As usual for a Bayesian approach, this probability ratio could be multiplied by
any a priori probabilities for the two hypotheses. In the absence of any prior
knowledge, the two hypotheses could be given equal weight. (Because the
hypotheses are distinct, this procedure is less problematic than for the case
of discriminating among different values of a continuous parameter e.g. the
mass of the electron-neutrino.) In any case, the ratio of the heights of the
two curves gives the relative probabilities, as determined by the particular
experiment alone.
 
For either a) or b) above, it is a good idea also to check the relevant chi_1
or chi_2 before deciding to accept a hypothesis. i.e. it is necessary that, as
well as the chi-squared difference favouring the hypothesis, its individual
chi-squared value must also be satisfactory.
 
Possible Application to Neutrino Oscillations
- - ---------------------------------------------
In analysing the rates of observed events in solar neutrino experiments with
the various detectors (chlorine, hydrogen and gallium), different solutions
are currently possible: either vacuum oscillations, or MSW 'small mixing
angle' and 'large mixing angle' solutions.
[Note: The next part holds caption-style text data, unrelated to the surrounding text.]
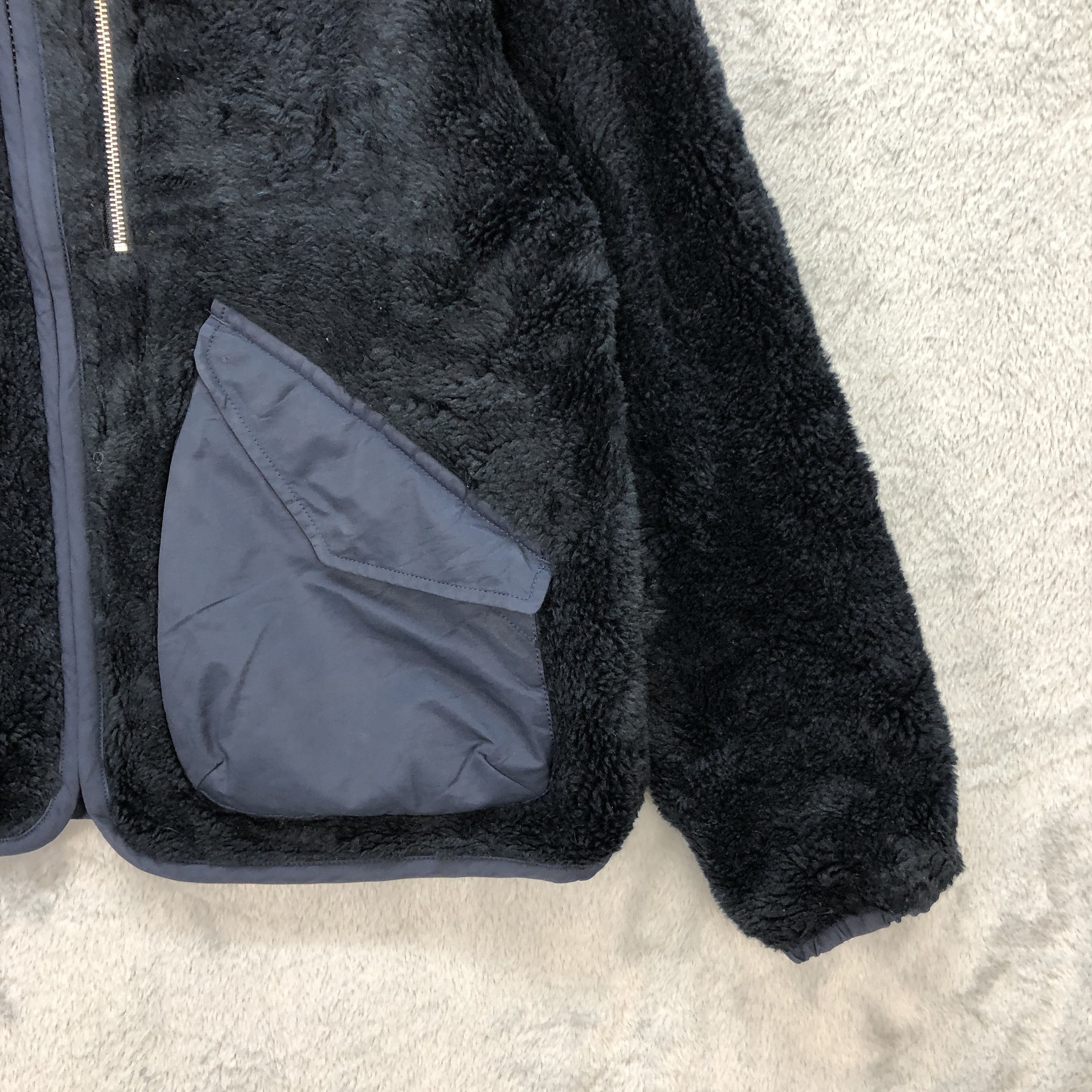 BEAUTY&YOUTH BEAUTY & YOUTH UNITED ARROWS FLEECE JACKET #5883-212 Size US XL / EU 56 / 4 - 5 Thumbnail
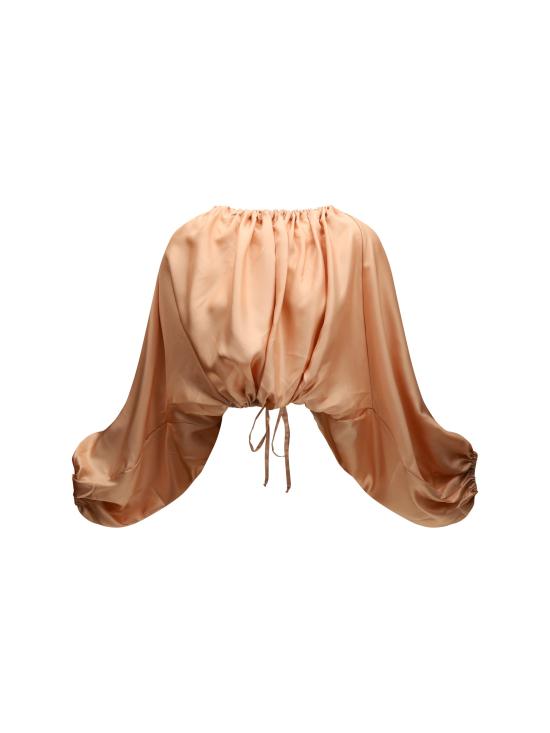 26SS 디 스타브니처 블라우스 Bl08PS26013 PINK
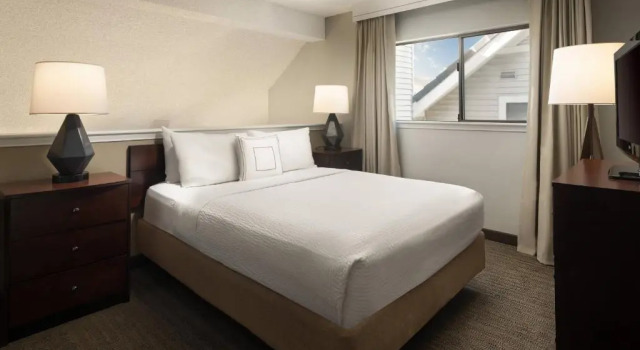 Люкс с 2 комнатами Residence Inn by Marriott Seattle/Bellevue
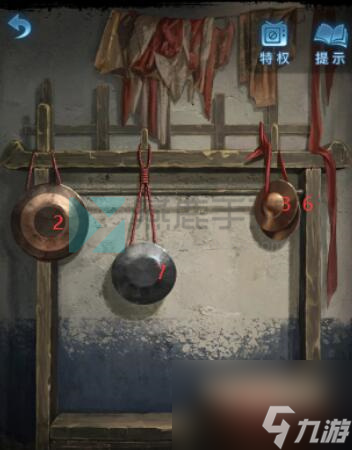 纸嫁衣5第一章敲锣顺序是什么-敲锣顺序攻略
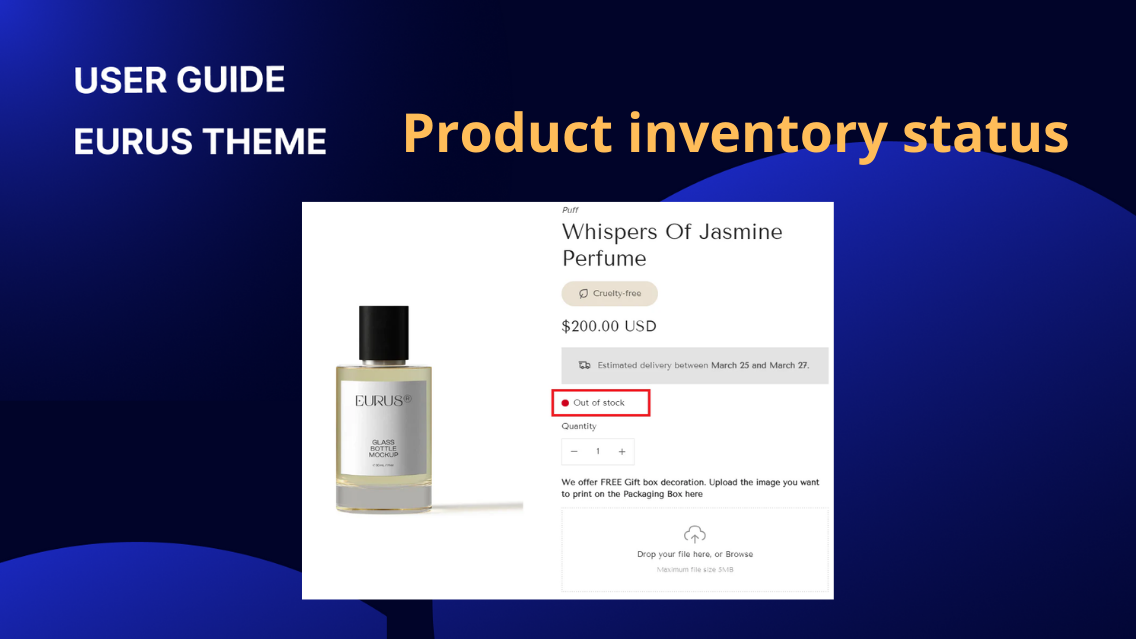 Product Inventory status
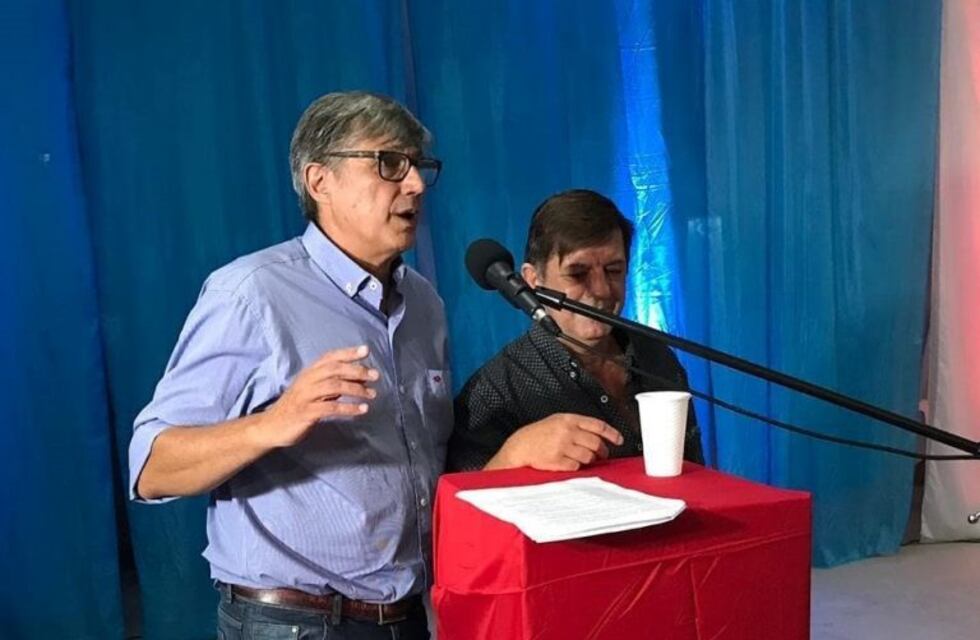 Cacho Maldini presentó oficialmente a su compañero de fórmula José Angeli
A possible way to distinguish
these could be to look at the distribution of the number of events in some
variable. e.g. electron energy or day-time/night-time in the hydrogen
experiment, or as a function of the earth-sun distance. The traditional way
of trying to use these distributions is to look at the chi-squared
probabilities for the competing hypotheses. The extension of our earlier
examples is that it is worth while doing Monte Carlo studies to test whether
a chi-squared difference method might give better sensivity to discriminating
these hypotheses.
 
Conclusion
- - ----------
The chi-squared difference may be a good way to distinguish between alternative
theories. This suggestion is not too radical as the chi-squared difference is
very closely related to the log-likelihood ratio, which is also used in several
methods to select among competing hypotheses.
 
The performance of this approach can relatively easily be investigated for
any particular case by performing Monte Carlo simulations.
 
 
 
I wish to thank Peter Clifford, Bill Murray and Byron Roe for useful
conversations.
 
 
Figure caption:
The distribution of delta(chi-squared) = chi_2 - chi_1, the difference in
chi-squared values. Here chi_i is the value of chi-squared for the comparison
of the generated distribution with the expectation for hypothesis i;
hypothesis 1 is that the distribution is 1+0.05*x, while for hypothesis 2 it is
1+0.05*cos(pi*x). The solid histogram is for 500 different examples of an
'experiment' generated according to hypothesis 1, which is why
delta(chi-squared) tends to be positive, while the dashed histogram is for
'experiments' generated according to hypothesis 2. The statistic
delta(chi-squared) is better than the individual chi_1 and chi_2 for
discriminating between the hypotheses.